I have never been a student in Stamford high school, but Stamford, CT is my home away from home for the next seven days. Starting tomorrow, I'll provide some impressions from the Gartner meeting and EPTS symposium, but I rely on other people in the blog-land to have a better coverage (e.g. Paul Vincent, with endnotes and references). I've Arrived earlier today, and resting before the busy week.

One of the thoughts that came to mind when looking at some of the discussions around the Stream-SQL standards, is one more observation.

While the claim that the difference between a "stream" and a "cloud" is that a stream is totally ordered and a cloud is partially ordered, I think that there are also some more distinctions. I'll discuss one of them --- sporadic events vs. known events. When dealing with "time series" type of input, then the timing of events are known, for each time unit (whatever it is) there is an event (or set of events) that are reported. This is true when the events are stock quotes provided periodically, or signals from sensors provide periodically. There are events that are not naturally organize themselves in time-series fashion, for example: bids for an auction, complaints from customers, irregular deposit, coffee machine failure etc...

From the point of view of functionality, there is no much difference --- one can create time series which reports a possibly empty set of events for each time-unit, but if in most time-unit the reported set is empty, this will not be very efficient way to handle it. On the other hand a system that does not support time series as a primitive can view all events as sporadic events, but there may be some optimization merit to the knowledge that events are indeed expected at every time unit. This is just one dimension -- but this leads me to reinforce my conclusion that there are various ways to provide event processing functionality, and the most efficient way is probably hybrid of approaches based on the semantics of functions and characteristics of the input. So this is the observation of today; it will be interesting to see what will be the main discussion topics in the coming conferences.
More later - from Stamford Hilton.


Jeff Wootton said...


Just catching up on the blogs. Wanted to comment on the assertion that streams deliver data based on a fixed time interval.
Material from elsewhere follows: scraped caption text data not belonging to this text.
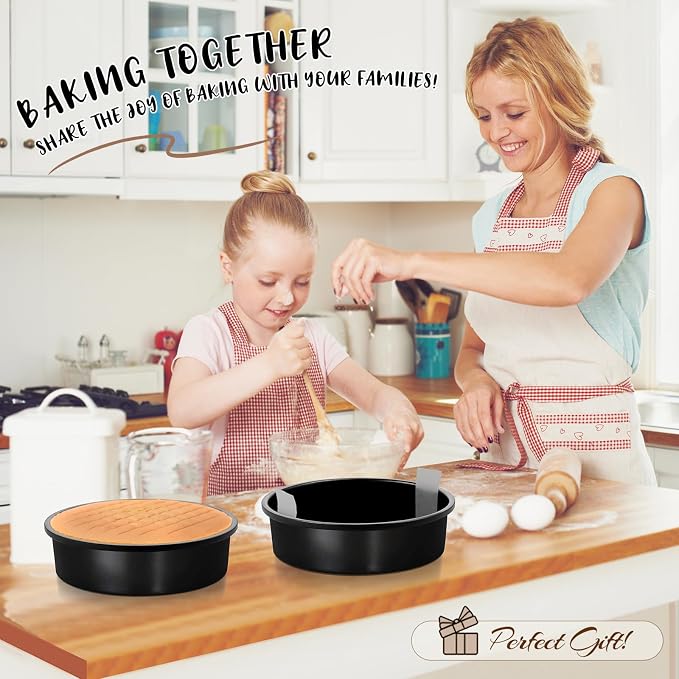 AIVIKI 8-Inch Round Cake Pan Set of 3, Nonstick Smash Cake Baking Pans Tins with 100 Pieces Parchment Paper, Carbon Steel Bakeware for Birthday Christmas, Oven & Dishwasher Safe - Image 6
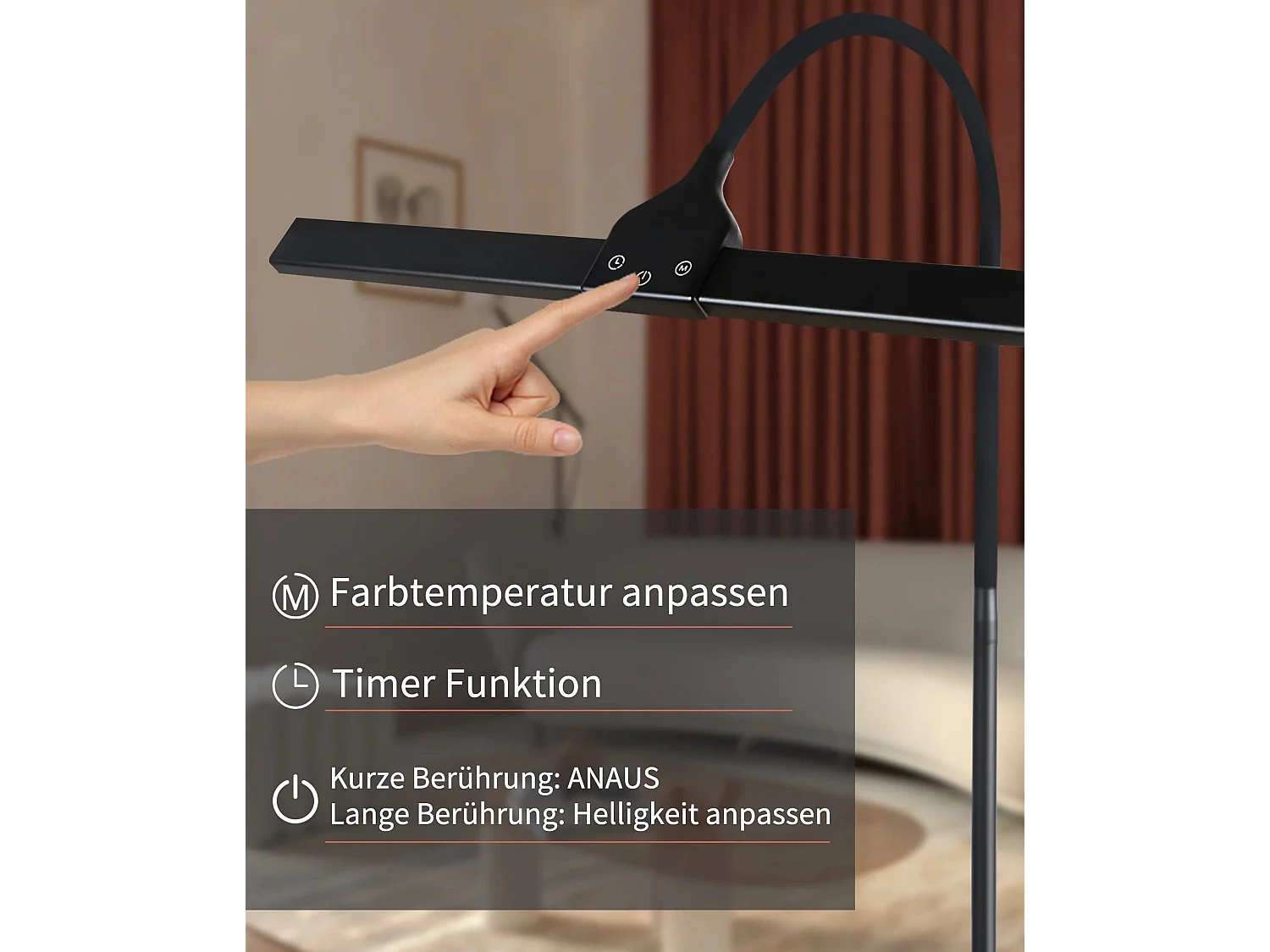 NETTLIFE Vloerlamp LED Zwart 156cm Touch Dimbaar  Staande Lampen met 360 ° Zwanenhals 10W Leeslamp 40min Timer en Geheugenfunctie voor Slaapkamer Woonkamer Studie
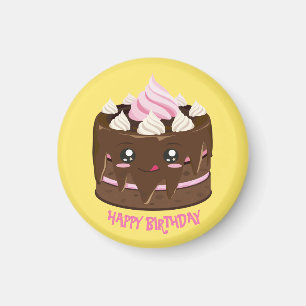 Happy birthday chocolate cake, kawaii, pink text magnet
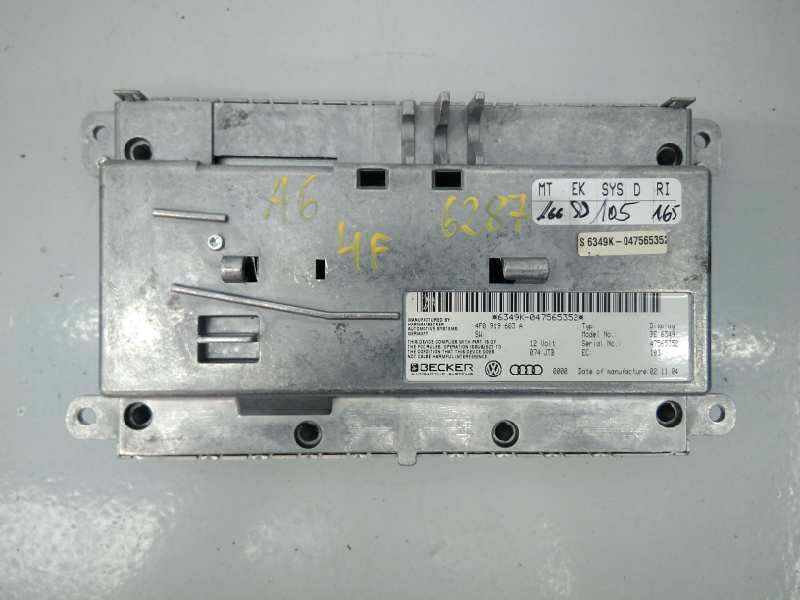 AUDI A6 C6/4F (2004-2011) Player muzical cu navigație 4F0919603A 18486083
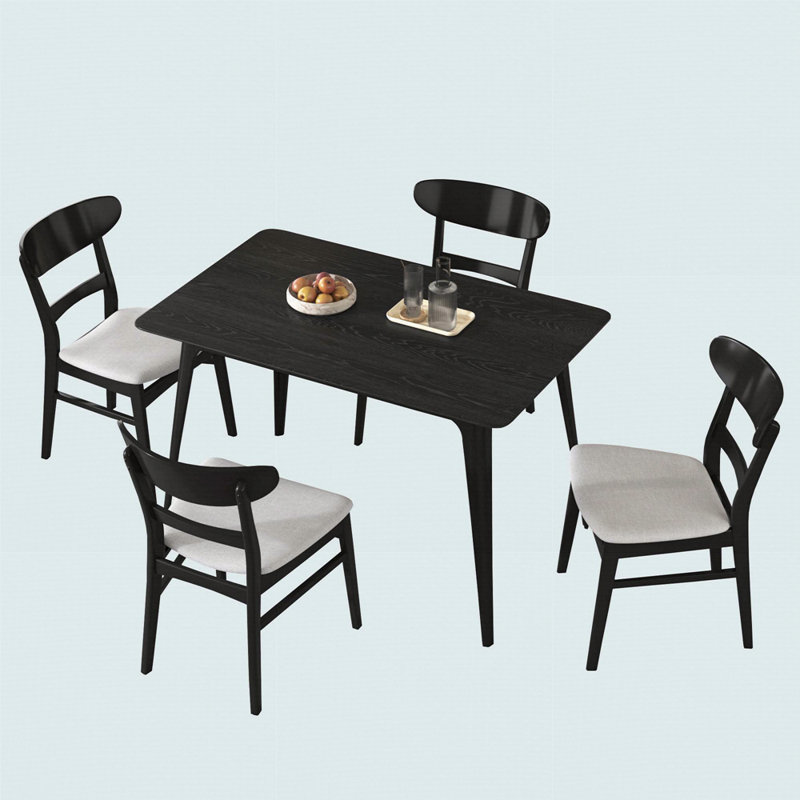 Ensemble de salle à manger 5 pièces de style Mid-Century moderne, structure en bois d'hévéa, une table et 4 chaises rembourrées, noir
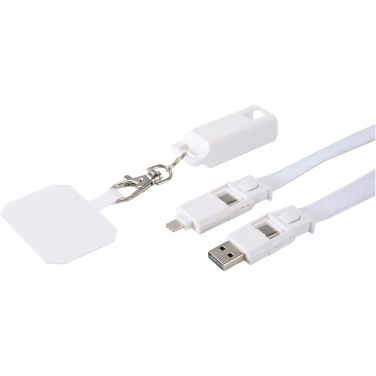 Logo trade advertising products image of: Franz recycled plastic smartphone lanyard with built-in data sync and 65W fast charge 5-in-1 cable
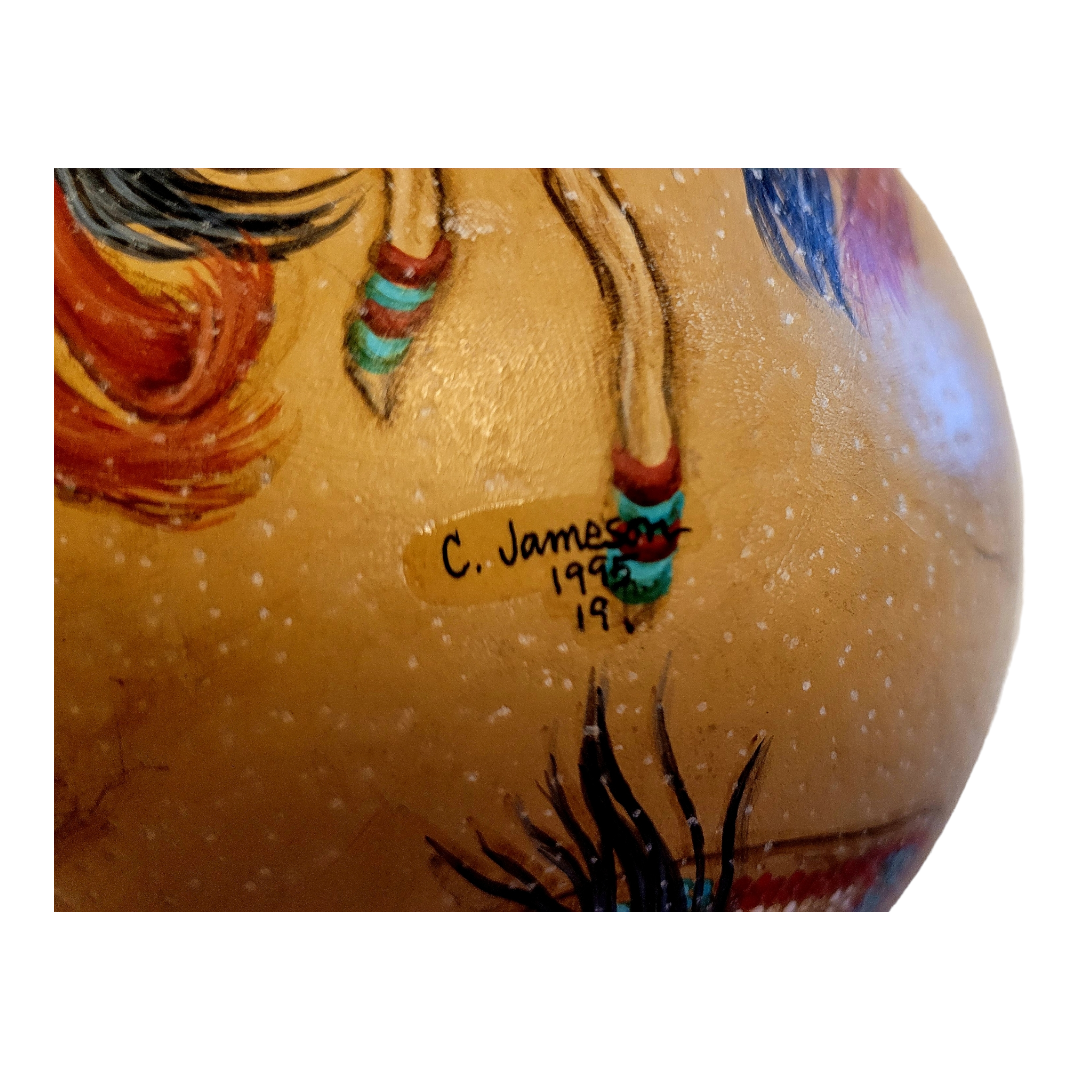 Stunning *Vintage C. Jameson "Chief in Headdress" Ostrich Egg Art Signed Numbered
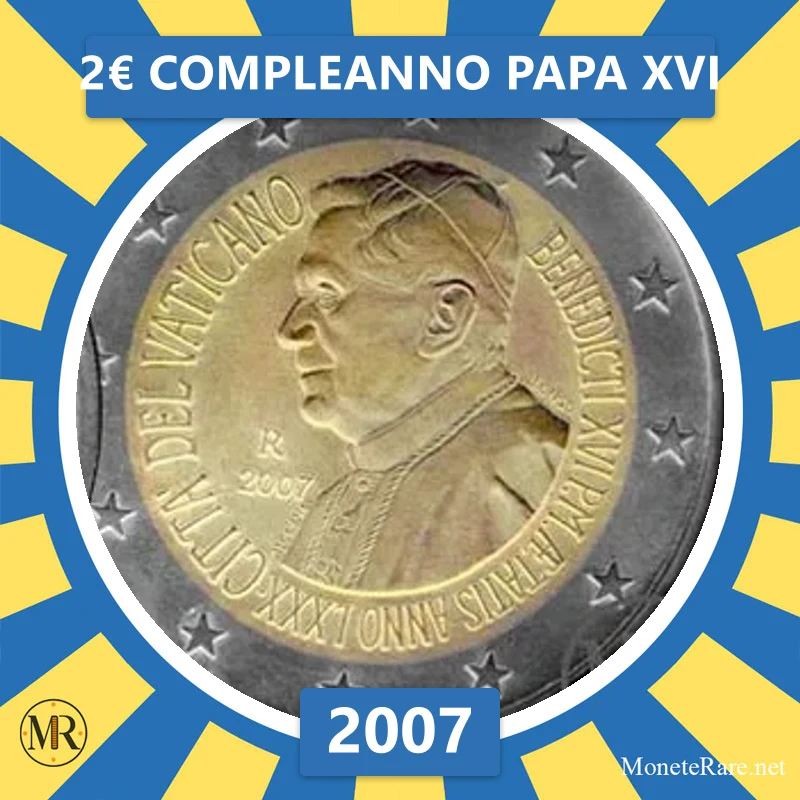 2€ Compleanno Papa XVI 2007 Vaticano (foto moneta)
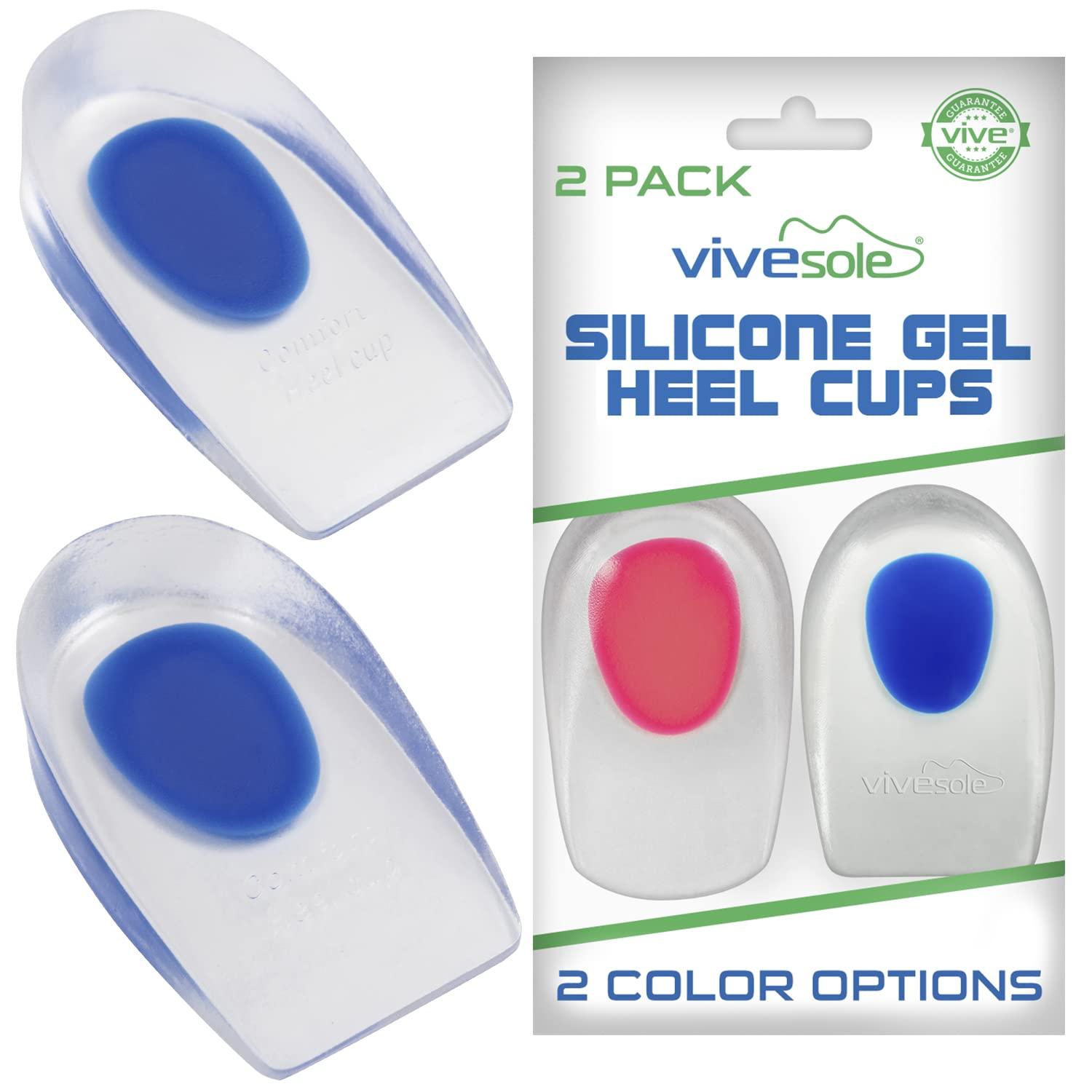 VIVEsole ViveSole Silicone Gel Heel Cups - Shoe Inserts for Plantar Fasciitis, Sore Heel Pain, Bone Spur & Achilles Pain - Pad & Shock Absorbing Support (US Men\'s 10-13)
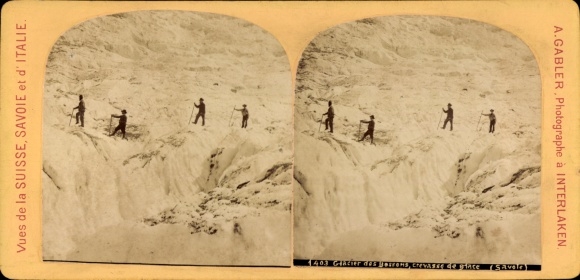 Stereo photo Les Bossons Haute Savoie, glacier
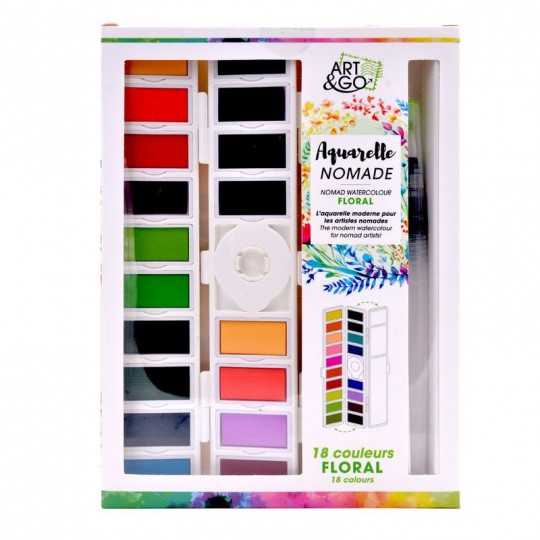 ART & GO Palette Aquarelle nomade Accordéon - 18 couleurs FLORAL Art&Go - 1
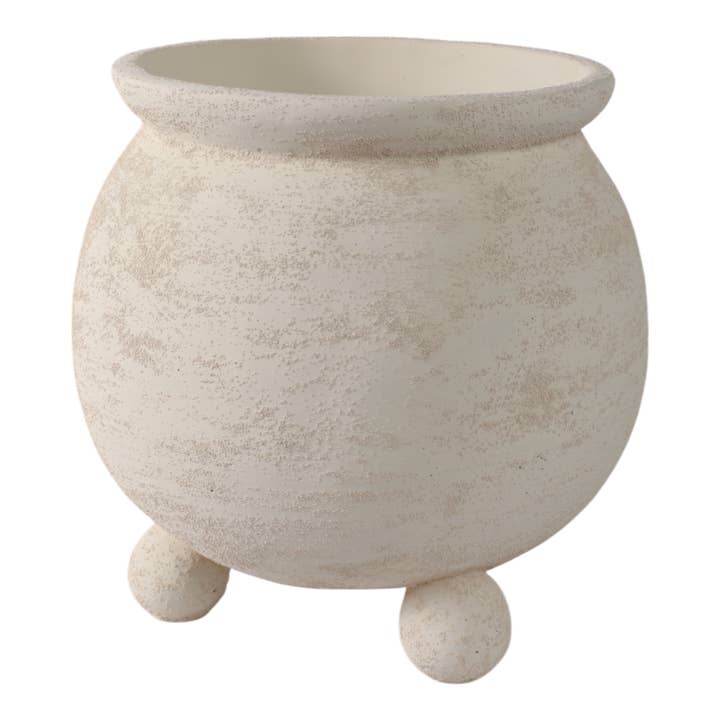 Sagebrook Home - Wholesale Plant Pot - Planter - Ivory Pottery Round Textured On Ball Feet, 9 in.7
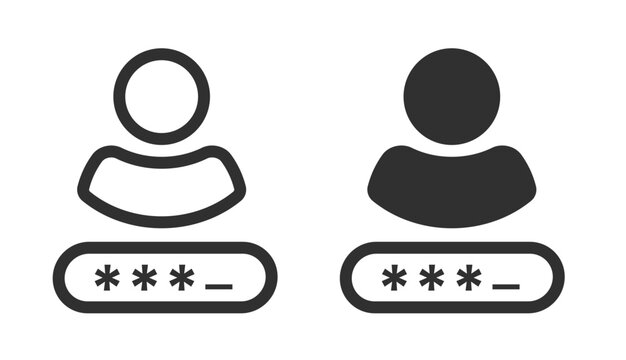 User password code validation tech icon line stroke bold solid simple graphic illustration set, account security authentication access passkey, identity interface ui sign symbol, member login clip art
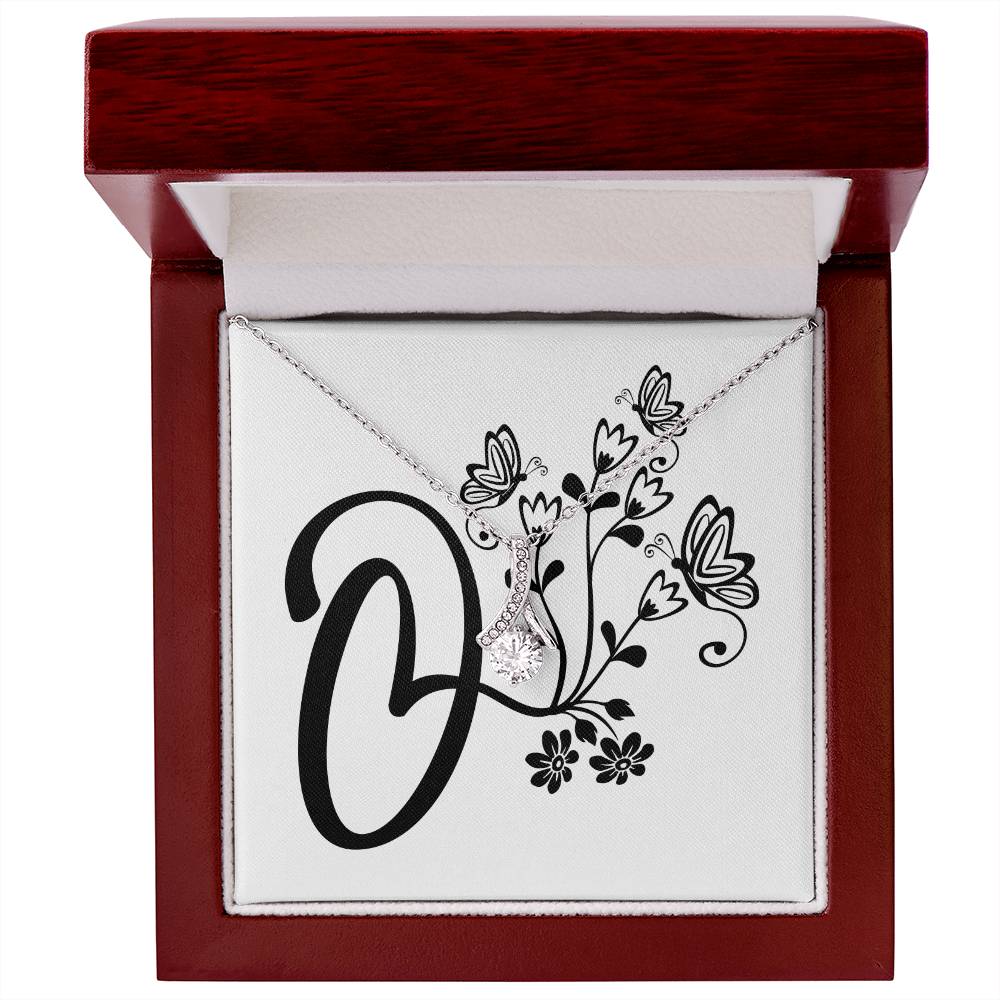 Botanical Monogram O - Alluring Beauty Necklace With Mahogany Style Luxury Box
That may be true for some streams, but is not true for real-time market data, which is one of the most often cited example of a data stream. Market data feeds deliver prices on an event-driven basis, not a fixed time interval. When market activity is high is when you might get thousands of messages per second, and when markets are slow you might on get hundreds. For a single stock, you can get several trades a second for a busy stock, but minutes or even hours might go by without a trade on a thinly traded security. Bottom line: there is no fixed time interval.

Opher Etzion said...

The term "stream" may be overloaded like any other term -- talking about "time series" oriented processing, I referred to cases where events are handled as a set ("batch") every fixed time unit, the size of the batch may not be the same.